Since I was thinking about Ed Wasserman yesterday, I decided to drop in on his old stomping ground, the Monday 8 PM Chicago Blues Harmonica - Level 4 class. The class is held in a windowless basement room in the Old Town School of Folk Music on North Lincoln Avenue in Chicago. It is classic basement construction - concrete floor, cinder block walls. It isn't a glorious space, but Joe Filisko has converted it into a shrine to blues harmonica music and harmonica music in general. The walls are covered with images of blues harp players - album cover art, portraits of Little Walter, Big Walter, Sonny Boy Williamson I, Sonny Boy Williamson II, George "Harmonica" Smith, Papa Lightfoot, Billy Boy Arnold, Junior Wells - well, you get the idea. Joe Filisko is the leader of the class. He is also a big fish in the international harmonica world (a somewhat small pond, I suppose). All of us harmonica nerds are deeply devoted to Joe - he is the Master, the Grand Poobah of the Harp Cult.
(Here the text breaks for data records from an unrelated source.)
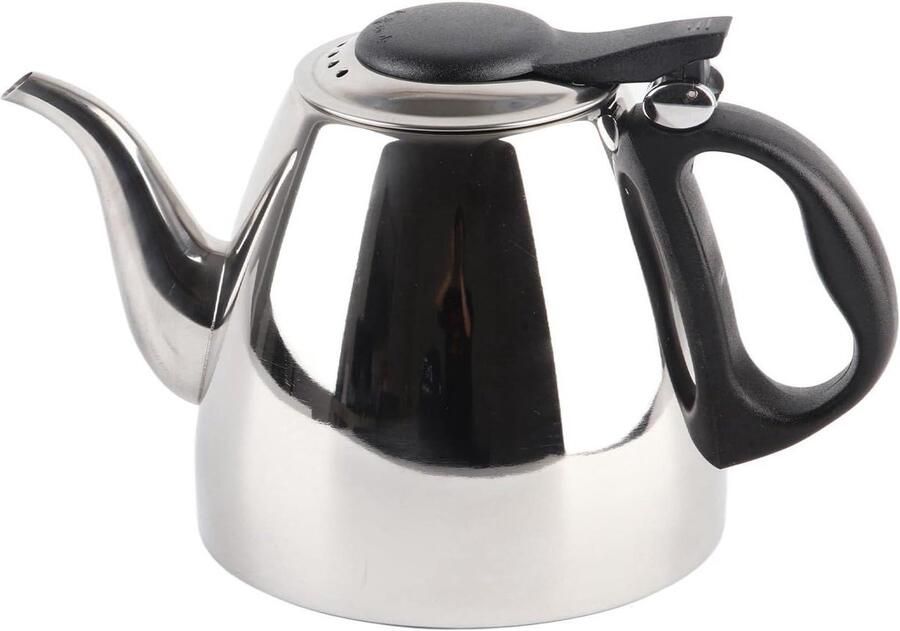 Theepot Kookplaat Roestvrijstalen Ketel Thee Zetten Efficiënte Verwarming 1.2 Liter Zilverkleurig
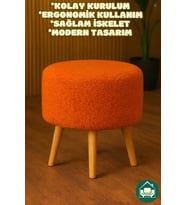 Yuvarlak Balkon Mutfak Salon Ayak Uzatma Pufu Gürgen Ayaklı Tasarım Kiremit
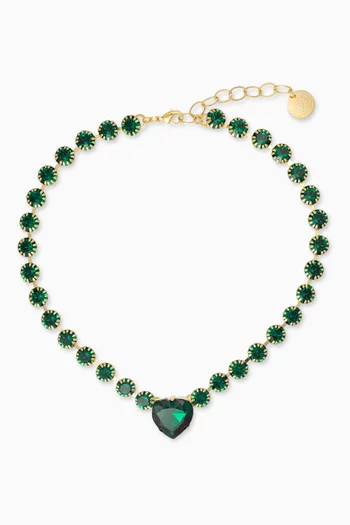 قلادة كيوبيد بتصميم قلب نحاس مطلي بلون ذهبي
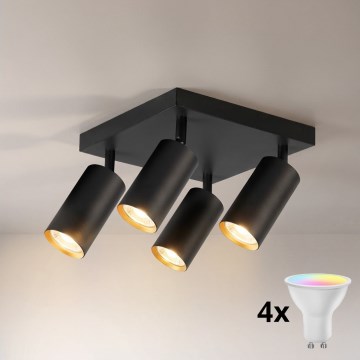 Brilagi - Spot LED RGBW dimmable SELE SQUARE 4xGU10/6,5W/230V 2700-6500K noir/doré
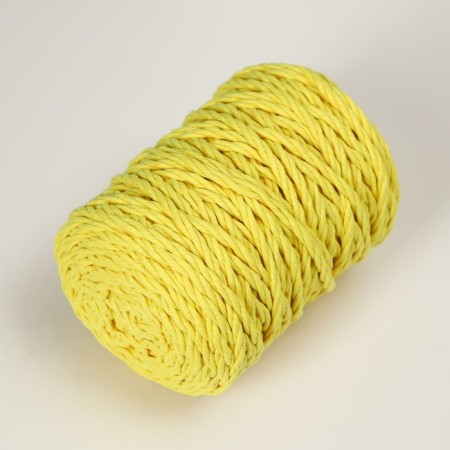 Knitting cord 80% cotton, 20% polyester twisted 3 mm, 185g/45m, 23-yellow-1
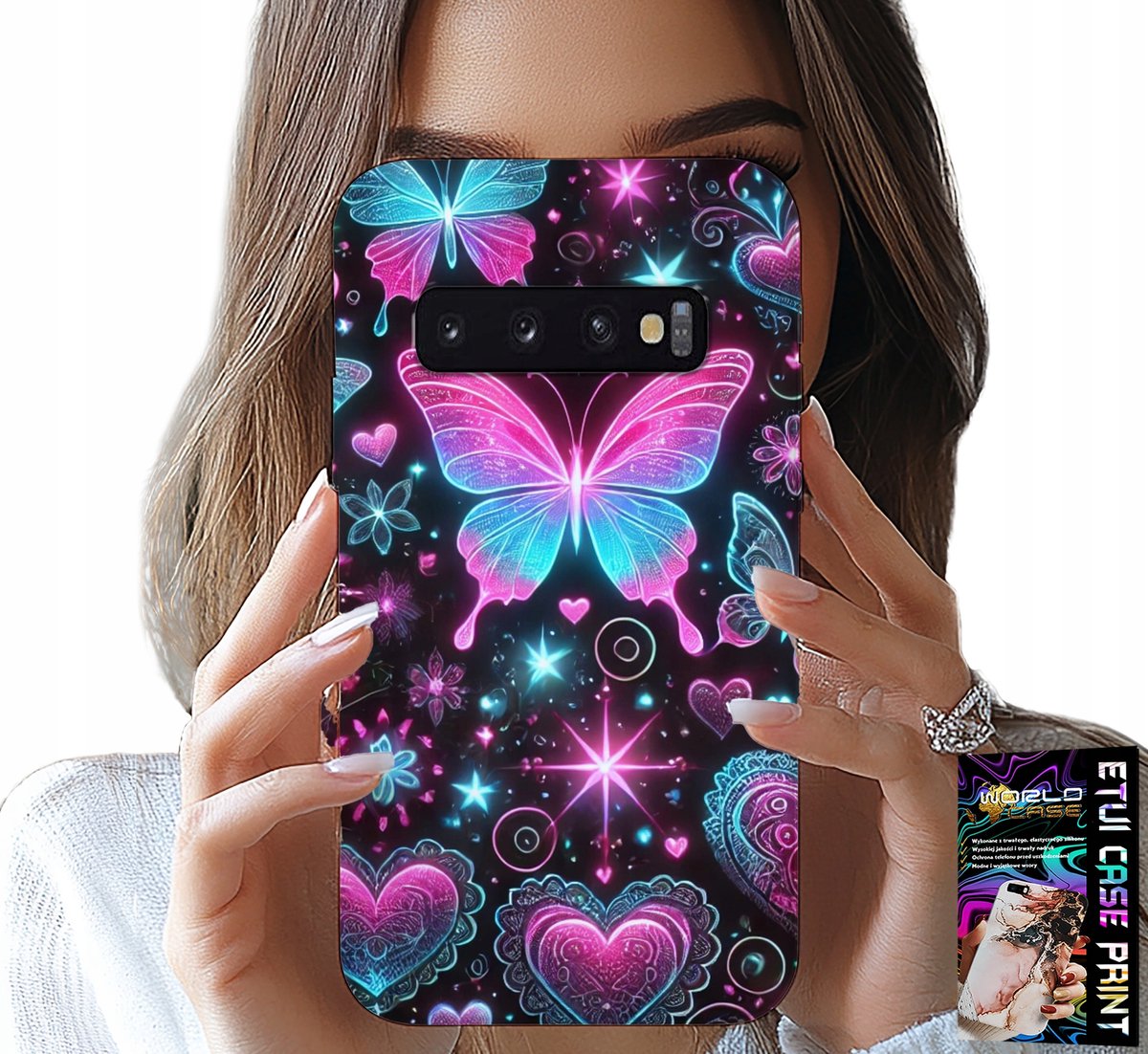 HOESJE VOOR SAMSUNG GALAXY S10 - KLEURRIJK VLINDER-HARTMODEL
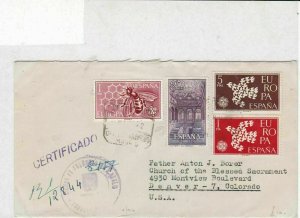 spain 1962 birds bees & building stamps cover ref 20516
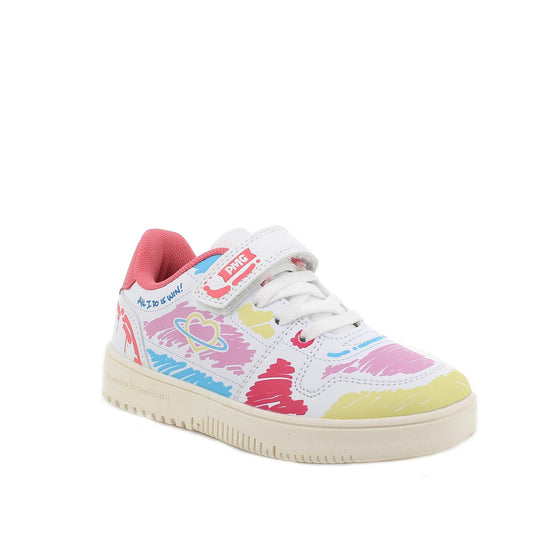 Sneakers da bambina bianco multicolor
Ed Wasserman always sat in the same seat for the years he spent in the blues harp classroom - third from the corner on the east side. Now that he has passed on, we try to leave that seat empty. He loved all types of music, especially the blues. Ed was dedicated and faithful. But dedication and faithfulness do not alway lead to brilliance. In truth, Ed's musical talent was modest. His harmonica skills didn't seem to improve much. His singing voice was thin and reedy. But he had a way of radiating quiet happiness - he was visibly delighted to be hanging out in the class, playing harmonica to the best of his ability. The guy never had a bad day in our class. His courage was inspiring; performance anxiety was not a problem for Ed. If he made mistakes in his performances, or just stunk up the joint, he didn't sulk or mope. He was never embarrassed. He just put it out there and smiled. And once in a while, he would uncork an amazing performance that floored us all.
One Monday night, Ed stood up and sang the following blues song:
I don't want no
No skinny woman
I want a woman
That's got a lotta........
I don't want no skinny woman; I wanna woman that's
gotta lot of meat.
We can roll all night long and this woman
wouldn't have to stop to eat.
(by John Lee Williamson circa 1943)
The whole class fell out. It would have made a rock laugh to see this tiny 75 year old guy singing about his lust for a meaty woman. And Ed just smiled and sat down calmly after he was done. It was just another happy day in class for ol' Ed.